Significance of considering the eGFR value before COVID-19 as the baseline value

Fig. 1B indicates that patients with low eGFRs pre-COVID-19 have increased eGFRs 12-months post-COVID-19 infection compared with pre-COVID-19 [85.5±17.2 vs. 73.4±15.5 ml/min/1.73 m2, respectively (P<0.001)], while the eGFRs were reduced in patients with normal eGFR pre-COVID-19 (110.4±22.4 ml/min/1.73 m2 pre-COVID-19 vs. 101.4±18.3 ml/min/1.73 m2 12-months post-COVID-19, P<0.001). However, when the changes in the eGFRs only in the post-COVID-19 stages were considered, taking the 4-months post-COVID-19 eGFRs as the baseline, the changes in eGFRs were not significant in any of the subgroups of patients. For example, the 4- and 12-months post-COVID-19 eGFRs in the patients with normal eGFRs pre-COVID-19 were 106.1±16.2 vs. 101.4±18.3 ml/min/1.73 m2, respectively (P=0.207), and in the patients with low eGFRs pre-COVID-19 the 4- and 12-months post-COVID-19 eGFRs were 89.2±14.8 vs. 85.5±17.2 ml/min/1.73 m2, respectively (P=0.126). Additionally, Fig. 1C indicates that there is a high correlation between pre-COVID-19 eGFR and the change in eGFR at 12-months post-COVID-19 (r=-0.664; P<0.001). This lost significance when the eGFR at 4-months post-COVID-19 was correlated with the change generated between 4- and 12-months post-COVID-19 (r=-0.039; P=0.369) (Fig. 1D). The previous results indicated variations in the effects of the COVID-19 infection on the eGFR value among survivors. The eGFR changes depended on the value used as the baseline for the comparison (such as the pre-COVID-19 or the 4-months post-COVID-19 eGFR) and subsequently, its clinical implications.

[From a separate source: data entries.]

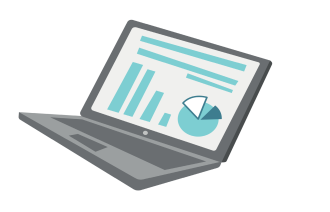 Illustrasjonen viser en bærbar datamaskin med diagrammer på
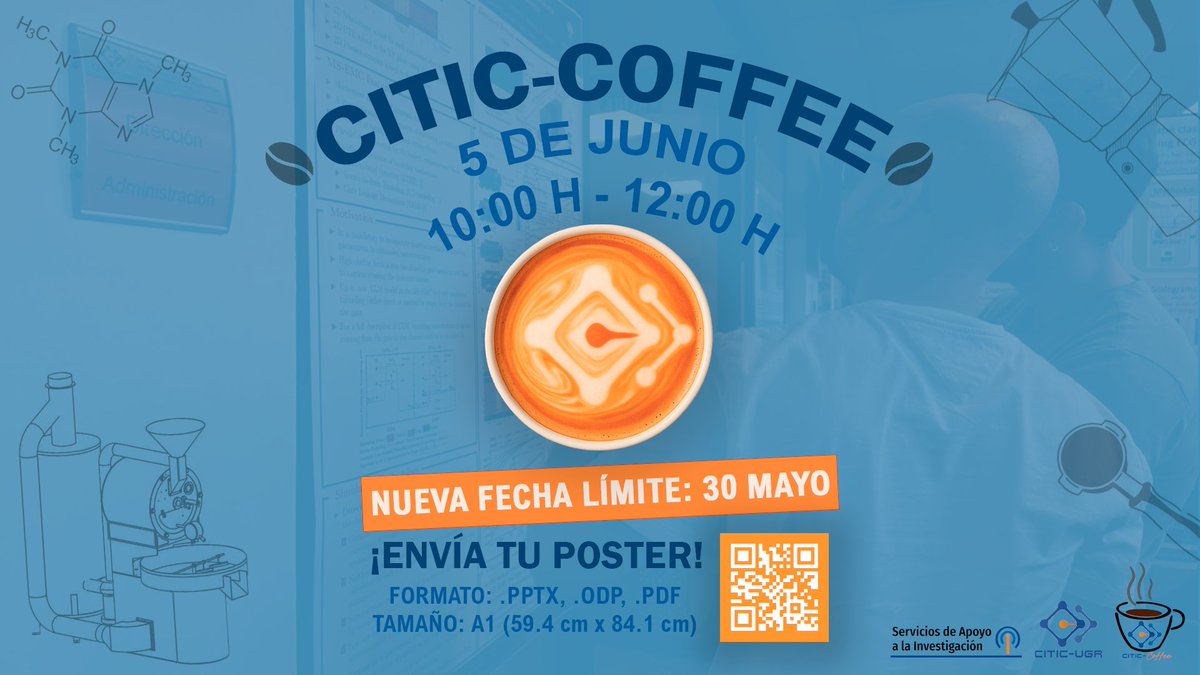 📢Ampliado el plazo de inscripción del #citiccoffee ☕️

Aún estás a tiempo de participar enviando un cartel con tu mejor proyecto. ¡No lo dejes pasar! #citic_ugr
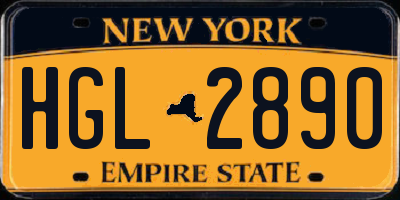 NY license plate HGL2890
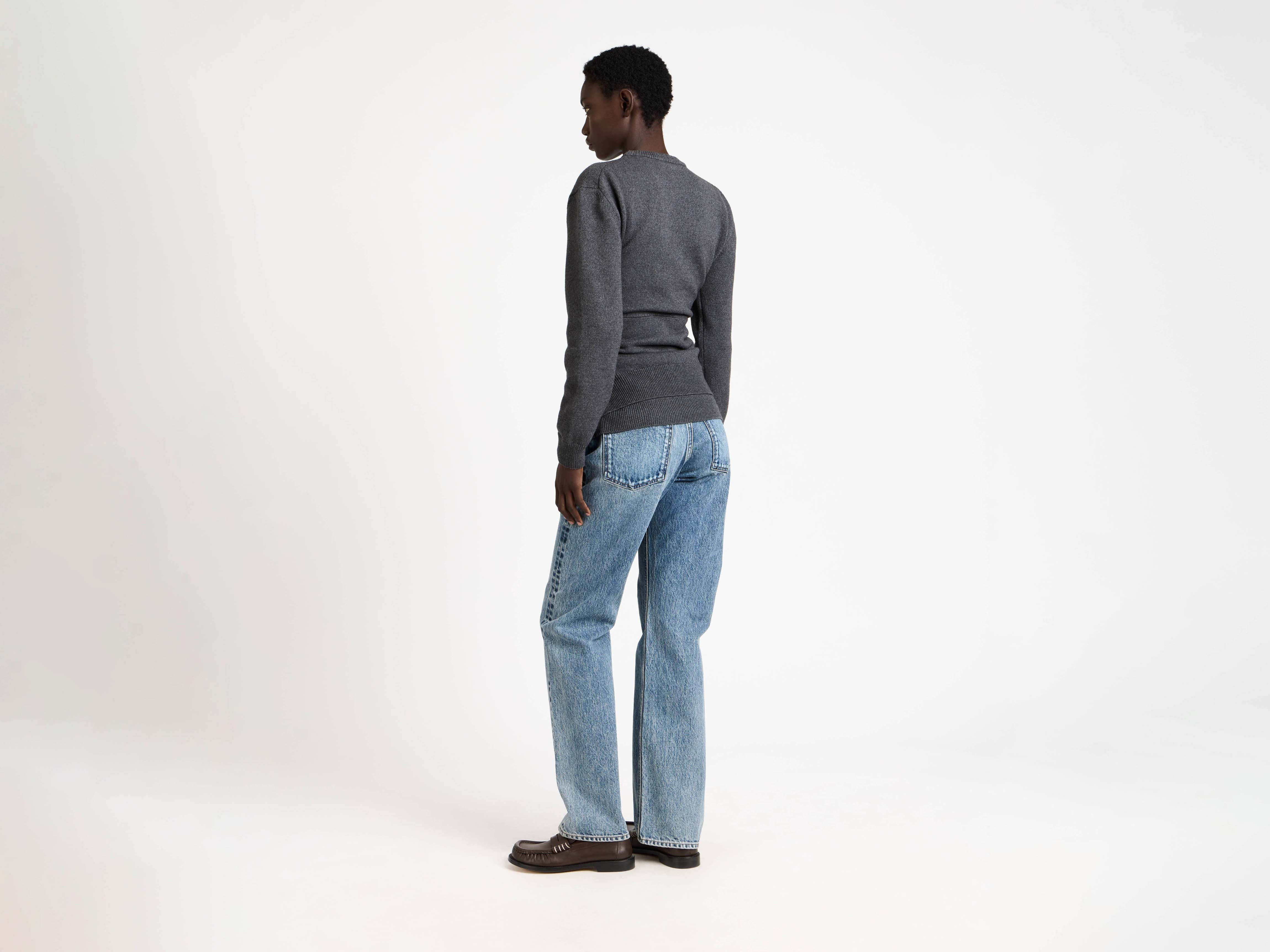 SLEEVE-TIE WAISTED JUMPER IN CHARCOAL MELANGE - 3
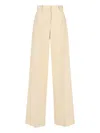 Ermanno Scervino High Waist Wide Leg Trousers With Belt Loops In Neutral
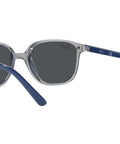 Junior Kids Square Sunglasses With Transparent Blue Frame And Green Mirrored Lenses, XX-Small Narrow Face Fit, side view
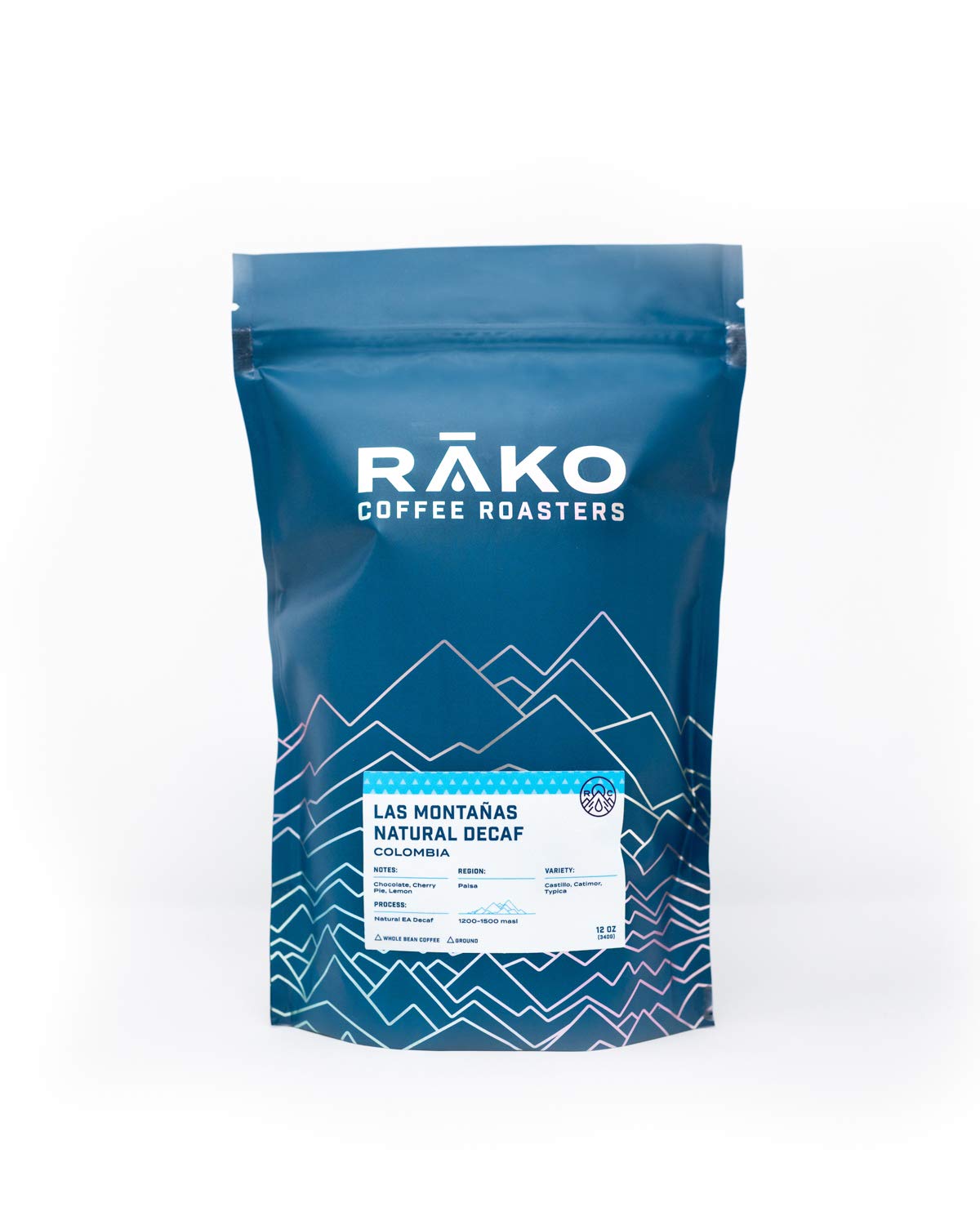 RĀKO COFFEE ROASTERS Las Montañas Colombian Natural Decaf, Fresh Ground Specialty Coffee, Medium Roast, 12 oz. Bag, 1-Pack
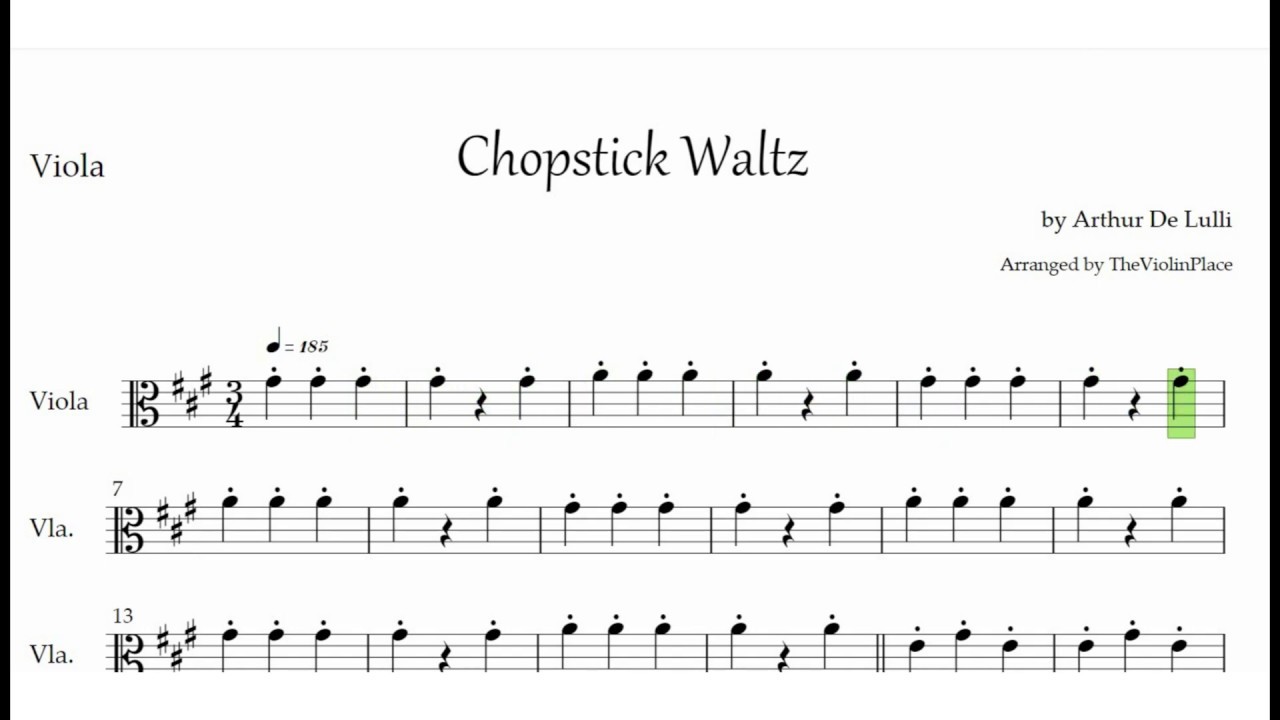 The Chopstick Waltz   String Quartet   Viola Accompaniment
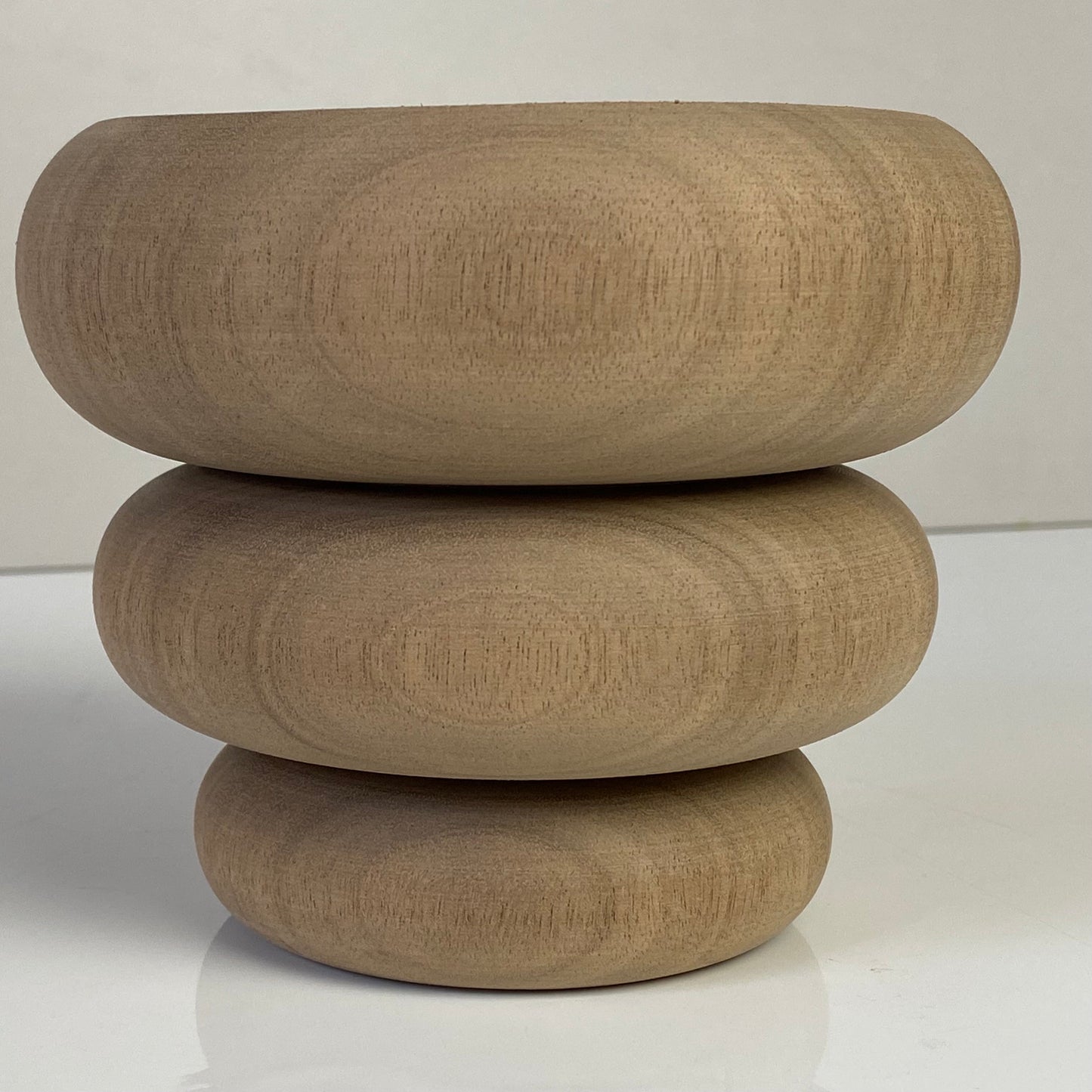 Wooden Bun-Stack Furniture Leg 12cm &  14cm diameter, natural finish, Walnut and Redwood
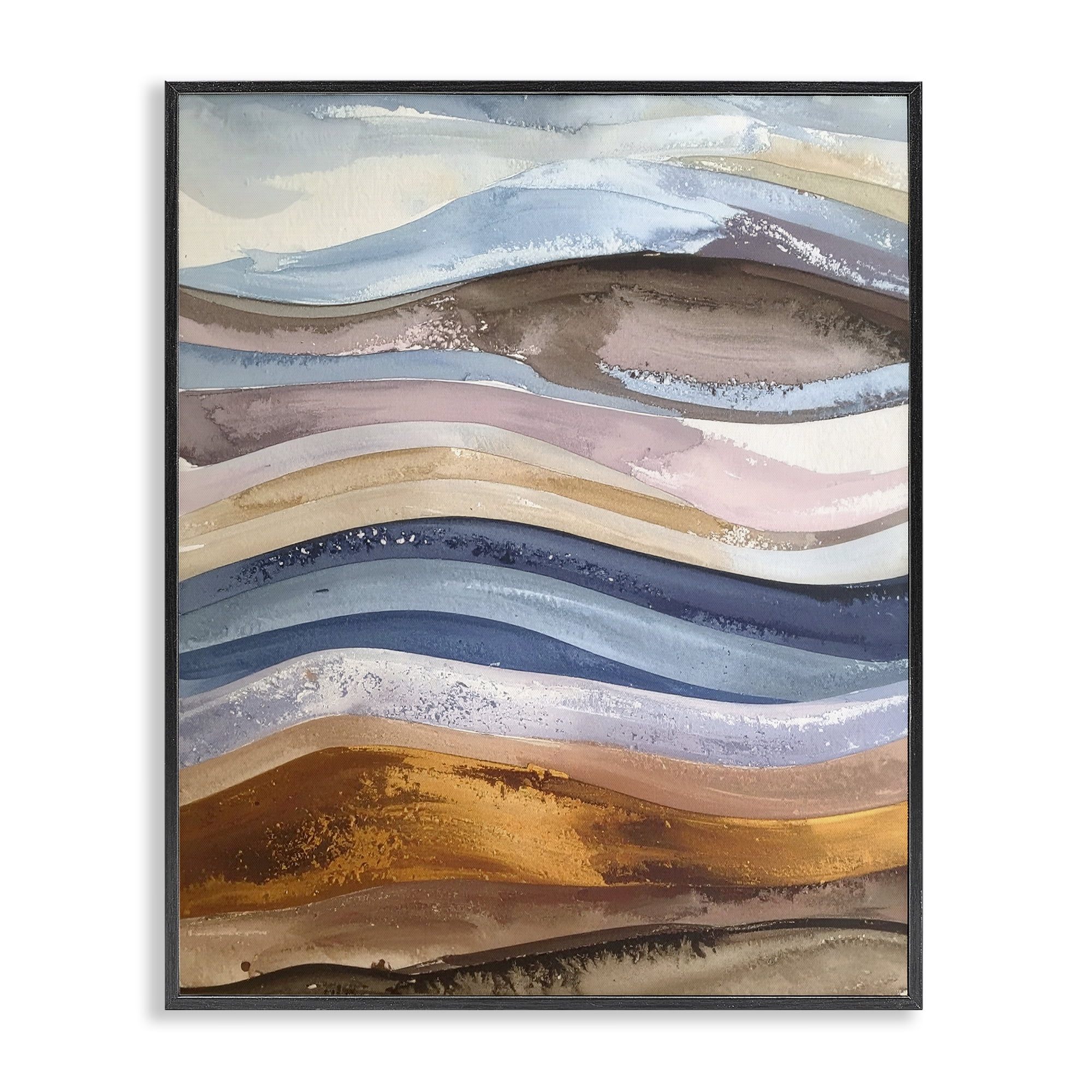 Stupell Industries Ocean Flow Layers Black Framed Giclee Art, design by Alonza Saunders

Interactions between variables that affect changes in the eGFR

The high correlation between the pre-COVID-19 eGFR and the change in the eGFR 12-months post-COVID-19 may be influenced by diabetes or whether the patient was hospitalized during COVID-19. Fig. 2 presents that the correlations between the eGFR pre-COVID-19 with the eGFR change at 12-months are maintained in patients without diabetes (Fig. 2A; r=-0.754; P<0.001) and in patients that were hospitalized (Fig. 2B; r=-0.764; P<0.001). This was not observed in patients with diabetes (Fig. 2C; r=-0.330; P=0.065) and in patients that were not hospitalized (Fig. 2D; r=-0.096; P=0.589).

Figure 2 Correlation between pre-COVID-19 eGFR and eGFR change at 12-months post-COVID-19. (A) Correlation between pre-COVID-19 eGFR and the eGFR change at 12-months post-COVID-19 in patients without diabetes (r=-0.754; P<0.001). (B) Correlation between pre-COVID-19 eGFR and the eGFR change at 12-months post-COVID-19 in patients that were hospitalized (r=-0.764; P<0.001). (C) Correlation between pre-COVID-19 eGFR and the eGFR change at 12-months post-COVID-19 in patients with diabetes (r=-0.330; P=0.065). (D) Correlation between pre-COVID-19 eGFR and the eGFR change at 12-months post-COVID-19 in patients that were not hospitalized (r=-0.096; P=0.589). COVID-19, coronavirus disease 2019; eGFR, estimated glomerular filtration rate.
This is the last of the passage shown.